I see a few solutions, but none looks very good:
One whitelist for each field (too much work and doesn't quite solve the problem)
One blacklist for each field (same as above)
Use a field length that could hold the data even if all characters are escaped (bad)
Uncap the size for the database field (worse)
Save the data hex-unescaped and pass the responsibility entirely to output filtering (not very good)
Let the user guess the maximum size (worst)
Are there other options? Is there a "best practice" for this case?
Sample code:
$string = 'javascript:alert("hello!");';
echo strlen($string);
// outputs 27
$escaped_string = filter_var('javascript:alert("hello!");', FILTER_SANITIZE_ENCODED);
echo strlen($escaped_string);
// outputs 41
If the length of the database field is, say, 40, the escaped data will not fit.
Don't build your application around the database - build the database for the application!
Design how you want the interface to work for the user first, work out the longest acceptable field length, and use that.
In general, don't escape before storing in the database - store raw data in the database and format it for display.
If something is going to be output many times, then store the processed version.
Remember disk space is relatively cheap - don't waste effort trying to make your database compact.
making some wild assumptions about the context here:
if the field can hold 32 characters, that is 32 unescaped characters
let the user enter 32 characters
escape/unescape is not the user's problem
why is this an issue?
if this is form data-entry it won't matter, and
if you are for some reason escaping the data and passing it back then unescape it before storage
without further context, it looks like you are fighting a problem that doesn't really exist, or that doesn't need to exist
This is an interesting problem.
I think the solution will be a problem if you assign any responsibility to them because of the sanitization. If they are responsible for guessing the maximum length, then they may well give up and pick something else (and not understand why their input was invalid).
Here's my idea: make the database field 150% the size of the input. This extra size serves as "padding" for the space of the hex-sanitization, and the maximum size shown to the user and validator is the actual desired size. Thus if you check the input length before sanitization and it is below that 66% limit on the length your sanitized data should be good to go.

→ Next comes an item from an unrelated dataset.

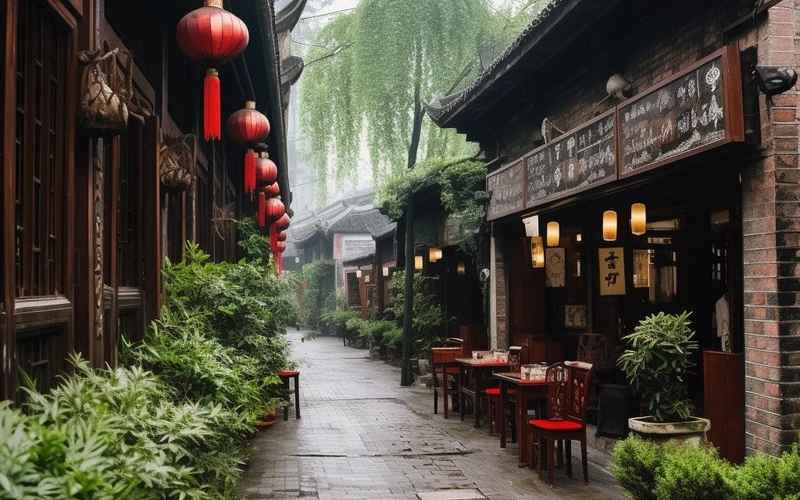 成都一日：青城山寬窄巷子一天必去景點攻略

If they exceed that extra 34% field space for the buffer, then the input probably should not be accepted.
The only trouble is that your database tables will be larger. If you want to avoid this, well, you could always escape only the SQL sensitive characters and handle everything else on output.
Edit: Given your example, I think you're escaping far too much. Either use a smaller range of sanitization with HTMLSpecialChars() on output, or make your database fields as much as 200% of their present size. That's just bloated if you ask me.
Why are you allowing users to type in escaped characters?
If you do need to allow explicitly escaped characters, then interpolate the escaped character before sanity-checking it
You should pretty much never do any significant work on any string if it is somehow still encoded. Decode it first, then do your work.
I find some people have a tendancy to use escaping functions like addSlashes() (or whatever it is in PHP) too early, or decode stuff (like removing HTML-entities) too late. Decode first, do your stuff, then apply any encoding you need to store/output/etc.